Kubernetes v1.35 Arrived, Right On Workload-Aware Schedule
The workload is the application. Although that might sound like a throwback to the Sun Microsystems tagline of old (the network is the computer), the parallel is conveniently close if we consider the fact that today we specify a “workload” exists as an application running on Kubernetes.
Whether a workload takes the form of a single component, a couple of components or several working in concert, as we know, a Kubernetes workload runs inside a set of pods, where a pod itself represents a set of containers running in a cluster, for a defined lifecycle.
Workloads are, of course, essential, largely because they help us to deploy, scale and manage applications running Kubernetes. They also help us to define the internal mechanics of a Kubernetes cluster so that we can define how pods and containers are configured, created, exposed and maintained.
In practice, running Kubernetes requires a high degree of time management. Not necessarily from developers themselves (although actually, yes, that too), but from the point of view of scheduling. In live production, scheduling large workloads is a much more complex and fragile operation than scheduling a single pod, as this process often requires a consideration of all pods together, instead of scheduling each one independently.
Knowing Your Network Nuances
Google software engineers Maciej Skoczeń and Dominik Marciński explain where workload scheduling nuances are today.
Some workloads (they cite a machine learning batch job) are more efficiently executed if compute elements are placed on the same server rack. The pods that form that workload might have identical scheduling requirements, but not necessarily; therefore, knowing what process and schedule the whole system is defined by is clearly fundamental.

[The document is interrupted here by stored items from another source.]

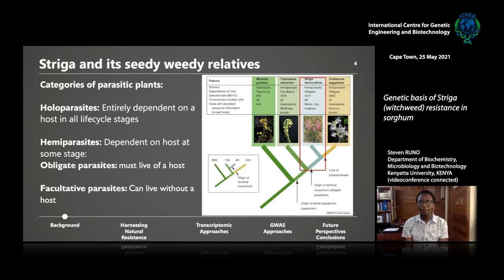On the extreme end, you have genus Orobanche, whose members are holoparasitic and obligate — they have no ability to carry out photosynthesis and must depend on a host. Just next to it is Striga, the genus of our discussion today. The Striga genus is a hemiparasite: it is dependent on a host in its early stages of the life cycle but has the ability to carry out photosynthesis after that.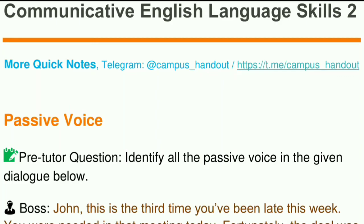Hello students, it is me from Campus and Out. In this video and the coming videos, we will cover the Communicative English Language Skills course. Please subscribe to our channel. We are going to deliver this course via Amharic language, so if you want to get this course in English, please comment below.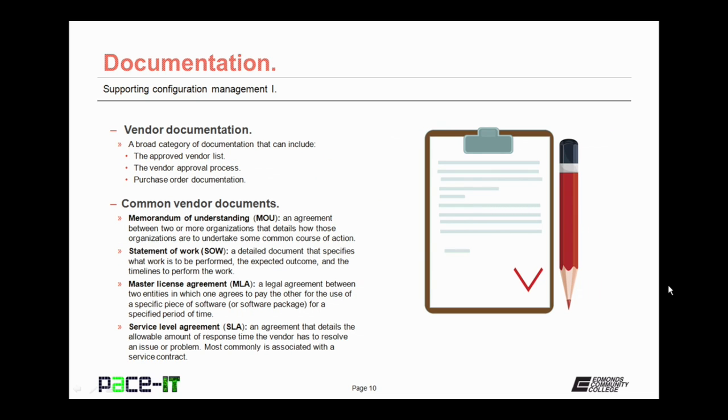Vendor documentation also plays a role in supporting configuration management. It covers a broad category of documentation that can include the approved vendor list, the vendor approval process, and purchase order documentation.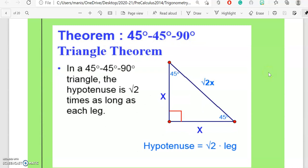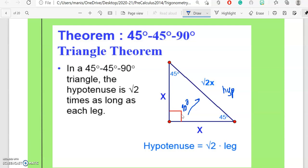In the 45-45-90 degree triangle theorem, the hypotenuse — which is the longest side, or the side across from the 90° angle — is √2 (radical two) times as long as each leg. This is an isosceles triangle because both angles are 45°. In any triangle, if the opposite angles are equal, then the opposite sides to those angles are also equal. So for the 45-45-90 triangle, the formula is: hypotenuse = √2 × leg.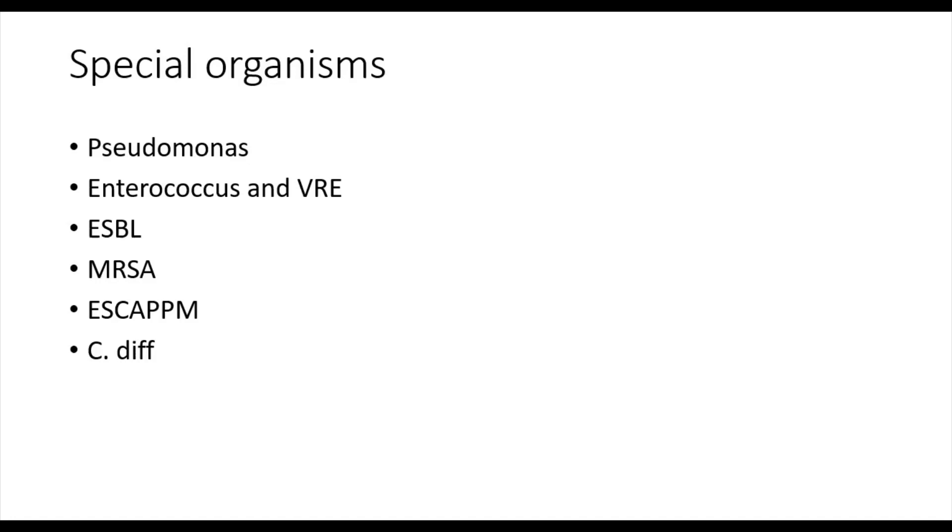Thankfully, at least for now, vancomycin intermediate and vancomycin-resistant Staphylococcus aureus are very uncommon. Treatment options for these are limited to things like daptomycin, ceftaroline, and linezolid.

The pair say that, considering how common and important workload scheduling is to Kubernetes, it’s now “high time” to make workloads a first-class citizen for kube-scheduler (the Kubernetes control plane component that acts as a pod placement brain) and support them natively.
“The recent 1.35 release of Kubernetes delivered the first tranche of workload-aware scheduling improvements. These are part of a wider effort aiming to improve the scheduling and management of workloads. The effort will span over many special interest groups (SIGs) and releases. It is supposed to gradually expand the capabilities of the system toward reaching its North Star [goal], which is seamless workload scheduling and management in Kubernetes, including, but not limited to, preemption and autoscaling,” write Skoczeń and Marciński on the Kubernetes blog.
The Google duo highlight the fact that Kubernetes v1.35 introduced the Workload API resource. This enables cloud-native software engineers to describe the “desired shape” as well as scheduling-oriented requirements of a workload.
Wanna be in my Gang (Schedule)?
It comes with an initial implementation of “gang scheduling” that instructs the kube-scheduler to schedule gang pods. As the K8S cognoscenti will know, gang scheduling gang pods means pods (in a defined gang) are all scheduled together and run in what is known as an “all-or-nothing” method to ensure all the component parts of an application start simultaneously. This feature, along with the new Workload API feature are released in Alpha for v1.35 – it is disabled by default and will continue to mature in future release cycles.
Without gang scheduling, a job might be partially scheduled, consuming resources without being able to run, leading to resource wastage and potential deadlocks.
The engineers behind this work point out that while this is a first implementation, the Kubernetes project firmly intends to “improve and expand” the gang scheduling algorithm in future releases. Expected (or hoped for) benefits include a single-cycle scheduling phase for a whole gang, workload-level preemption, and more. As an additional note here on gang scheduling, it’s worth clarifying any misunderstanding that while pods will now be scheduled all-or-nothing as a group, they are not necessarily guaranteed to “start simultaneously” at the same moment; although, since they are scheduled altogether, it will be close.
Opportunistic Batching, Performance Optimization
Additionally, the team says that they have improved the scheduling of identical pods (that typically make a gang) to speed up the process. This is thanks to the opportunistic batching feature (currently in beta release), a performance optimization feature that groups and schedules similar workloads (such as identical pods) together by reusing scheduling calculations.
“This is a Beta feature that improves scheduling latency for identical pods,” explain Skoczeń and Marciński. “Unlike gang scheduling, this feature does not require the Workload API or any explicit opt-in on the user’s part. It works opportunistically within the scheduler by identifying pods that have identical scheduling requirements (container images, resource requests, affinities, etc.). When the scheduler processes a pod, it can reuse the feasibility calculations for subsequent identical pods in the queue, significantly speeding up the process.”
The North Star Vision
This arm of the total Kubernetes team base defines its ambitions around what has been a North Star vision for efficiency and effectiveness. The team explains that the project has a broad ambition to deliver workload-aware scheduling in its most usable and functional form. The new APIs and scheduling enhancements detailed here are said to be just the first steps.
Plans for the project include introducing a formalized workload scheduling phase, creating improved integration between scheduling and autoscaling, introducing multi-workload scheduling simulations, and delivering enhanced support for multi-node Dynamic Resource Allocation (DRA) and topology-aware scheduling.